JAKARTA, PRANUSA.ID — Kementerian Perhubungan memprioritaskan keselamatan serta kelancaran operasional transportasi pascagempa bumi yang mengguncang wilayah Nusa Tenggara Timur pada Sabtu (15/8/2026) pagi.
Menteri Perhubungan, Dudy Purwagandhi, menginstruksikan seluruh jajaran unit kerja terkait untuk segera melakukan pemeriksaan fisik secara menyeluruh terhadap seluruh fasilitas pelabuhan, terminal, hingga bandara di daerah terdampak.
“Kami telah menginstruksikan seluruh unit kerja terkait untuk melakukan pemeriksaan secara menyeluruh terhadap fasilitas-fasilitas transportasi terdampak, baik pelabuhan, terminal hingga bandara,” kata Dudy di Jakarta.
Menhub menyampaikan rasa duka cita mendalam atas musibah tersebut dan menegaskan bahwa keselamatan penumpang maupun petugas teknis di lapangan merupakan prioritas utama.
“Kami turut berduka cita dan prihatin atas peristiwa gempa bumi yang terjadi di wilayah NTT, keselamatan penumpang dan seluruh petugas harus tetap jadi prioritas utama,” ujarnya.
Berdasarkan laporan awal Kemenhub, gempa menyebabkan kerusakan pada beberapa infrastruktur penting, seperti robohnya bagian dermaga dan ruang tunggu di Pelabuhan Laurentius Say saat KM Bukit Siguntang sedang bersandar.
Kerusakan fasilitas berupa tembok retak dan plafon runtuh juga dilaporkan terjadi di Pelabuhan Reo serta Pelabuhan Nangakeo yang mengakibatkan operasional layanan kapal perintis dihentikan sementara.
Sementara itu, Bandar Udara Komodo mengalami kerusakan minor pada gedung administrasi, terminal sisi darat, serta fillet taxiway A, tetapi dipastikan tidak ada korban jiwa dan penerbangan tetap beroperasi normal dengan pembatasan.
Guna mengantisipasi dampak lanjutan, Menhub memerintahkan jajaran UPT Kemenhub di NTT untuk terus berkoordinasi intensif dengan BMKG, Basarnas, TNI/Polri, serta pemerintah daerah setempat.
“Meskipun peringatan dini tsunami telah dicabut, saya minta seluruh pihak untuk tetap mengutamakan aspek keselamatan dalam bermobilitas, khususnya di wilayah terdampak,” tegas Menhub.

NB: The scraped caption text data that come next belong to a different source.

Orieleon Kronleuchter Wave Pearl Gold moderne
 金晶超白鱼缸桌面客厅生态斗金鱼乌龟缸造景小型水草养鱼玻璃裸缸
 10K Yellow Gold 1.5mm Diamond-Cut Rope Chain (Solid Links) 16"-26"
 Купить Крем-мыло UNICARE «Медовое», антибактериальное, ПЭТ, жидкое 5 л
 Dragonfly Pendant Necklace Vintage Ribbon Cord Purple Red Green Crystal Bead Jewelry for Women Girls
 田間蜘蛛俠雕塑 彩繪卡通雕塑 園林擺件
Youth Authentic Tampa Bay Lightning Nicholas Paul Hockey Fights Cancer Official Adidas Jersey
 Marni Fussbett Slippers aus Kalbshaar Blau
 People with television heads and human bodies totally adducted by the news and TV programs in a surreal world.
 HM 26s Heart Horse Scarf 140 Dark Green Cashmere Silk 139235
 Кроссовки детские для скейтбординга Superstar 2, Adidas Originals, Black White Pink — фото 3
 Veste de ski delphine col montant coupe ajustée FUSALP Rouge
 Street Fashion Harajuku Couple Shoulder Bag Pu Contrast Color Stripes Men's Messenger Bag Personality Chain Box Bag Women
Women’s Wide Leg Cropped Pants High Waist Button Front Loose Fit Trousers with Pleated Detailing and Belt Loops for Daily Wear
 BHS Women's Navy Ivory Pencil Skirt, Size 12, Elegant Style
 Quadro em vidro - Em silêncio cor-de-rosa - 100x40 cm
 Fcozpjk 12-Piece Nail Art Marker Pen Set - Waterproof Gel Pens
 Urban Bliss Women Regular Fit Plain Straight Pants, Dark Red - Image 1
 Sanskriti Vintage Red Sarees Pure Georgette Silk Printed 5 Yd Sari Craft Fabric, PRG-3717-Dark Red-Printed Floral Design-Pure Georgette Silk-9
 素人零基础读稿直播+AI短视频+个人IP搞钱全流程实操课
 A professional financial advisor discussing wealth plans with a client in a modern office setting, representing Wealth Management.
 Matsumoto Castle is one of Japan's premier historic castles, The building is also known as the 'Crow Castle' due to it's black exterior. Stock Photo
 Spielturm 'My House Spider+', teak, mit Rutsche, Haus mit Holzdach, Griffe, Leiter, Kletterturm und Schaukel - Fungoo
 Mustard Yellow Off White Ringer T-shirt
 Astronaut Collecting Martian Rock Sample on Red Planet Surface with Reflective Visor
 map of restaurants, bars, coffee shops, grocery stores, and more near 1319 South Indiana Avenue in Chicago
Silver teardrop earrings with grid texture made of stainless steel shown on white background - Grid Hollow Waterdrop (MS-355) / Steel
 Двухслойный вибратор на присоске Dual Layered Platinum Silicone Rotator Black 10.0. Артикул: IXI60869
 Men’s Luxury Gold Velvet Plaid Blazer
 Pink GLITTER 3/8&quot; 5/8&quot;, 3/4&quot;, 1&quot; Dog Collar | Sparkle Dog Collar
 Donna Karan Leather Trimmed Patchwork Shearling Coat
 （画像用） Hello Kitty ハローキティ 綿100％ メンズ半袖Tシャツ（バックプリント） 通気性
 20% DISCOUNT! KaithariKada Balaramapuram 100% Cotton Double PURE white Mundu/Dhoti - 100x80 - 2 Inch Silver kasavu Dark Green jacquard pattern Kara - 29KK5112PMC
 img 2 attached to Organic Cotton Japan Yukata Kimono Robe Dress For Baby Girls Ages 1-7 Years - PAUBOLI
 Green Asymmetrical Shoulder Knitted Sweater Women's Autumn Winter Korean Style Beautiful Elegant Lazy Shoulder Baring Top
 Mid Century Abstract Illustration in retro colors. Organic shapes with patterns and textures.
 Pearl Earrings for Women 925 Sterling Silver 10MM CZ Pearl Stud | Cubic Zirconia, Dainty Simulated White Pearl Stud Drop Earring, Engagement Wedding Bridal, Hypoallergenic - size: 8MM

Menhub juga mengimbau masyarakat agar tetap tenang, tidak memercayai informasi yang belum terverifikasi kebenarannya, serta selalu mematuhi arahan resmi dari petugas di lapangan.
“Kementerian Perhubungan berkomitmen untuk terus memberikan informasi terkini kepada masyarakat serta mengambil langkah-langkah yang diperlukan guna menjamin keselamatan, keamanan, dan kelancaran transportasi di wilayah NTT dan sekitarnya,” pungkasnya.